I was the one to push the button sparking the explosion in the cave
leading to his lab. He’s probably still in there. I’m only glad
that he never knew I was the one who did it. That’s why I deserve
to be down here. I deserve the same fate I gave him.”

“That’s crazy,” John said. “Go to him; save
him if he’s still there. How long has he been down here now? Why
did you come to me?”

“Because I don’t know how the hands work.
Only Felix and the company know that. Even if I did, I doubt there
would be a code to take me somewhere so precise. There are almost
two hundred bathrooms down here within a one-mile radius. It’s just
not going to happen. This lab is the only exception to that. Felix
programmed a special code just for here. I’ll write it down for
you.”

Karen took a sheet of paper from a stack in
the corner and jotted down the numbers with John’s dying pencil.
She slid it to him.

“Go,” she said. “It’s why I came here.”

“I don’t care what you did,” John argued.
“You’re obviously sorry about it. I can’t let you give the watch
back to me.”

“Please,” she said, “don’t carry this
decision on your shoulders. I’m not doing it for you.”
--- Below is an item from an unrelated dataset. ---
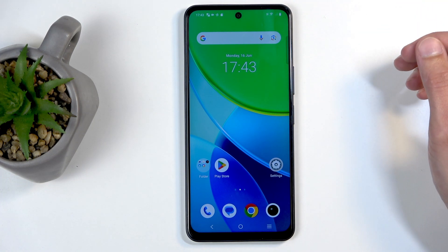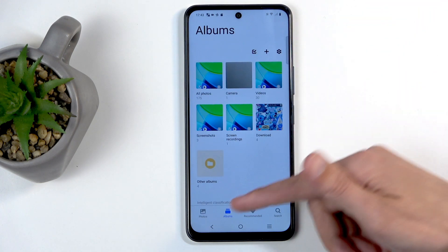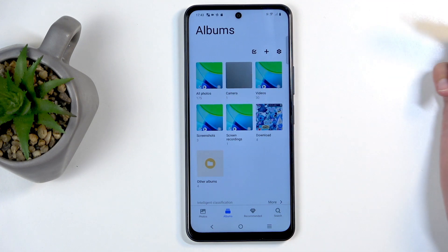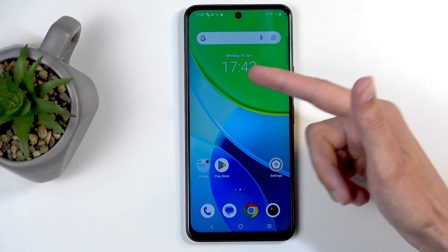When it disappears, you can find your captured screenshot by going into your album application, navigate to albums, and select screenshots. In here, you will find all the screenshots that I've captured, and this is the one that I've just captured a moment ago based on the time.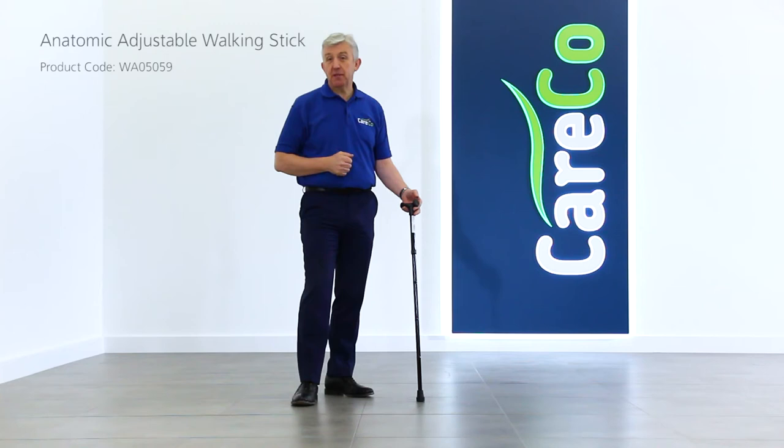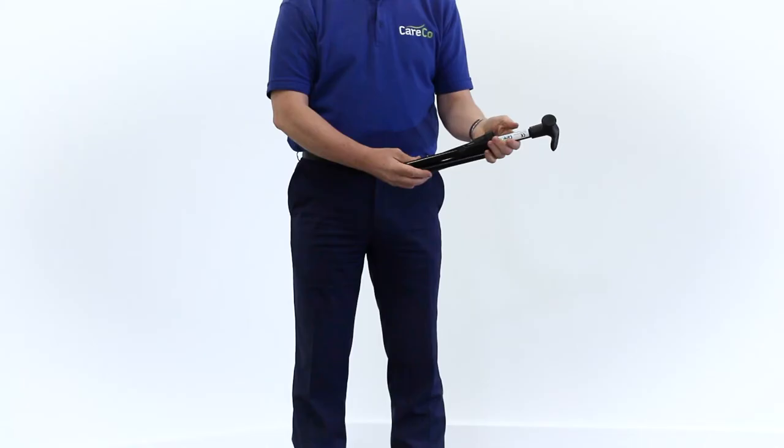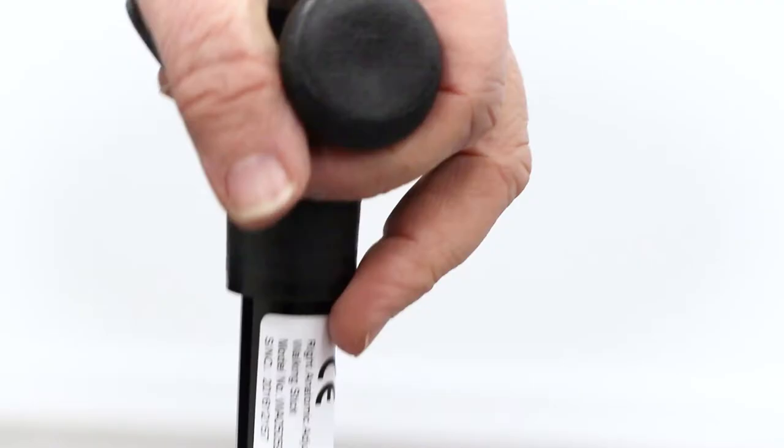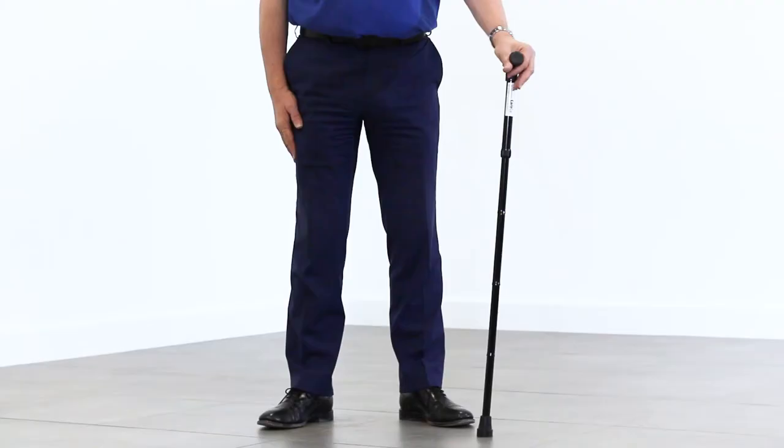This is the anatomical adjustable walking stick, a durable and convenient walking aid for those looking for extra stability in their day-to-day lives. We love this walking stick for its textured orthopedic handle, which spreads the user's weight over their palm and provides excellent support.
John looked at the device in her hand, lying
defeated by the small tool next to it. He looked at Karen’s face
and realized that he understood none of it, not who she was, what
had happened, who was guilty, and who wasn’t. He had some of the
facts, but not all of them, and the decisions being made outside of
his control were complex beyond measure. It was pointless to argue
further.

“Alright,” John said, accepting the watch.
“If you’re sure this is what you want.”

“I am.”

“Will you help me?” he asked. “It’s a little
difficult for me.” John nodded at his right hand, dark and
stiff.

“Of course,” she said, latching the band to
his left wrist. “What happened to you anyway?”

“Advocates,” John replied. “One named
Cornelius Black.”

Karen shuddered at the thought. “One told you
his name?”

“It’s a long story,” John said.

“Maybe you’ll tell me next time you
visit.”

John smiled at the comment and looked down at
the watch, back on his arm after so much time. He saw Karen’s
saddened eyes in the reflection of its glass.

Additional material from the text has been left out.